Yes, the RS nation is complacently buying RS gear, but outsiders buy their gear, too, to signify his/her Otherness. In Davis Sq the uniforms are cargo shorts [all year] and blank t-shirts [or trendy indie bands on the front]. At a Wilco show, the other crowd wear their stuff too. They go to see music not ballgames.
I'm typing this straight into notes, and I'm a bit rushed, so forgive the scattered nature of the thoughts and the inevitable typos.
Granted: Gather like-minded people in a small place and you will see a commonality in how they dress. Nothing wrong there.
But there's a critical mass issue here, just as there's been in various postings over the months, including our our overuse of the American flag and Christians whining about how they feel their religion is assailed when really Christians are the dramatic majority in the United States and the religion frequently dominates our culture. The phenomenon of the Red Sox garb is also similar to conservatives acting like rebellious outsiders hoping to save America from those Washington politicians, or bashing the "liberal media."
In short, it's a whole different thing to assert an identity when that identity is the dominant culture. It's one thing to wear a Wilco T-shirt when most people in this country hasn't heard a Wilco song and don't even know who the band is. It's a similar thing to wear a Red Sox T-shirt or cap in, say, Bangkok or even, I guess, Philadelphia.
But in Boston? A little tedious. A little oppressive.

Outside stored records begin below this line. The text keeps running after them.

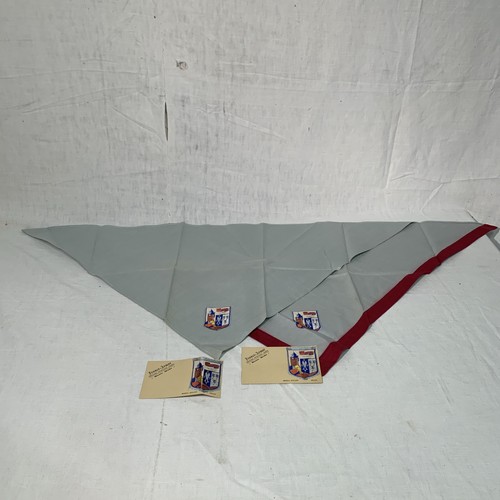 Scoutisme scout insigne - scoutisme,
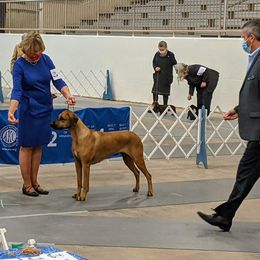 Rhodesian Ridgeback Puppies from Aziza Ridgebacks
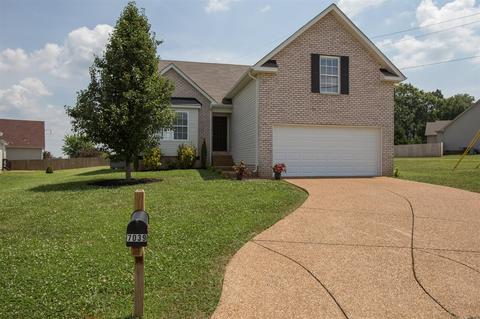 7039 Nickalus Way, Spring Hill, TN 37174 photo 1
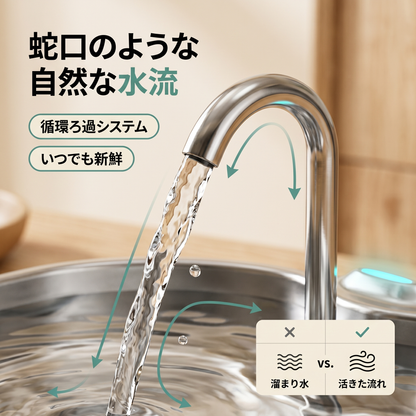 Water Fountain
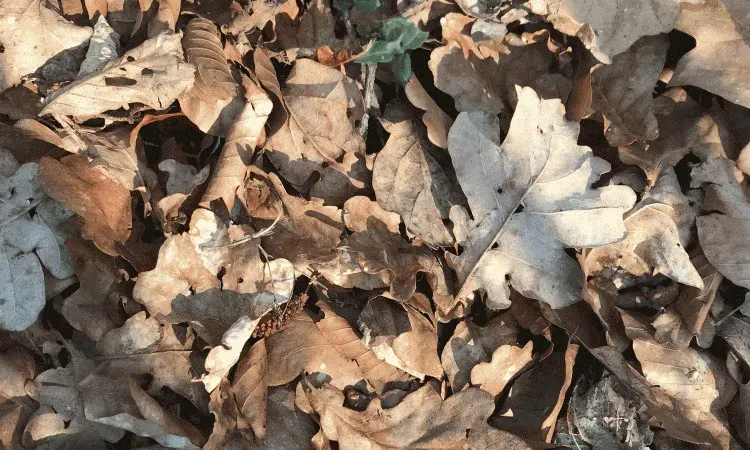 recolte de bois (111)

It's also interesting to compare a band, ostensibly a creator of music you like to listen to, with a ball club, a commercial enterprise that plays a sport you happen to enjoy watching. The complexity of the latter — with its many players, all with different stats and factors affecting play, and management issues — suggests that absorbance in it is more like the fascination of the Dungeons & Dragons player than it is like the attentions of a music fan. The music fan can say "The music of Wilco speak to me, and I enjoy the sound as well as the message"; sports fandom seems a lot more complex, given the constantly shifting array of issues surrounding the worship of any particular team.
Just an observation.
I guess that's all I have time for now.
I hear that City Sports is selling mid-thigh Red Sox swim trunks at 50% off.
The parallel between RS nation and the religious right [now, and overused term] is not "similar." RS nation does not lobby for the political and social well being of non-believers.
Christians are evangelical by definition. RS nation are not trying to save American baseball even.
Your point about cultural dominance, actually, aids my argument. Context and scale determine dominance. I still say that wearing a Wilco t-shirt to a Wilco concert is like wearing the B hat to Fenway. Individuals want to feel a part of a group. That is the structure of it. You point is about the value of the group one chooses to display [publicaly] his/her affiliation. That value seems to derive from the cultural exclusion of the dominant group: the more opposite, the greater value.
My point, perhaps now, is that one's reliance on group identity, and hence, comfort should be suspicious--I don't care if it's Wilco or RS. I think REM fans sound just as foolish as RS fans when they say, "I don't like them now that they are played on the radio."